Thursday, February 25, 2010

Becoming

When I grew up I was told I could become what ever I wanted. So, liking boy’s things, I choose to become a boy and was utterly disappointed that this didn’t happen. So I wished to become black, some how I thought that would make me feel save, this too didn’t happen. By then I got the message. But I still wasn’t happy with what I was and started to search for something that would. Coming from a non religious up bringing, I was send to a Christian school, the thought being that it would give me something I’d lacked at home. Knowing this I felt I had to look outside my home to find something to fill my inner need for something bigger than me.

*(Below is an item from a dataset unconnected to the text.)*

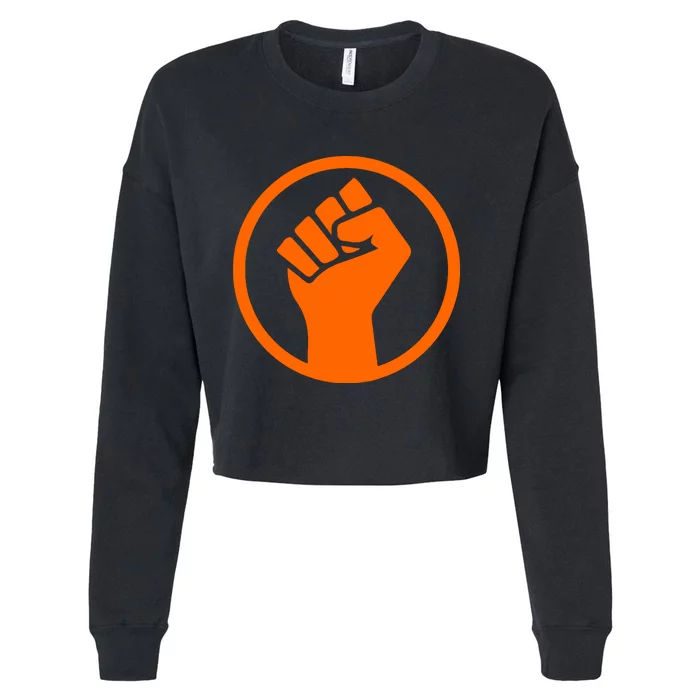 Mad Liberals Orange Fight Symbol Hand Cropped Pullover Crew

In first grade my teacher told beautiful stories about a man called Jesus, and I fell completely in love with him. I had a real crush on Him, I made him drawings and crafted little gifts, but where to send them? A friend of mine did come from a church going family, so I asked if I could come with, she said yes. The next Sunday I put on my best cloths, rolled up my latest drawing and nervously waited for my friend to pick me up. It was my first time in a church and was impressed by the man in front that spoke big words, the songs and people standing up and sitting down on cue’s I didn’t see. Than there was the magic moment that people walked up to the man in front. “This must be the time when I can give my drawing” I thought, I started to get up but my friend pushed me back in to my seat. “This is not for you, you’re not baptized”. She said. I sat there, stunned, what is baptized and what just happened? I wanted to stand up and shout: “hey wait a minute, I’m in love with Jesus here”, but I didn’t dare. I never trusted that church again.

I thought long and hard and came to the conclusion that if the man I loved was a Jew I should become Jewish. But when you’re eight or nine, living in a small rural community with only a Catholic or Protestant church to choose from, becoming Jewish is very difficult. I got as far as wearing the star of David around my neck and refusing to do the dishes on a Sabbath.

I still wore the star when I went to a Catholic high school, I even got suspended for a week once cause I refused to take it off. My parents pleaded with me to comply and that whole incident sparked a new way to try to fill the void I still felt within. I started being openly stubborn and against everything. I think I kept that up for a good part of four years, that too didn’t make me happy. It did how ever bring me to a place where I doubted everything and everybody including myself, which left me completely open for new thoughts and spiritual paths.

I fell into a group of seekers that had seen far beyond my limited rural world, they took me to all kinds of guru’s and meditations, they had me sing to chakra’s and talk to empty chairs, they gave me countless books to read, and put me through all kinds of altered states of consciousness and a whole series of emotions. And when I was completely raw and turned inside out they sat me down on a safu and have count my breath from one to ten, taught me how to move real slow Chinese style and had me overcome many fears moving fast like the Japanese mountain echo.

And now as I write this, I’m still becoming and very happily I always will.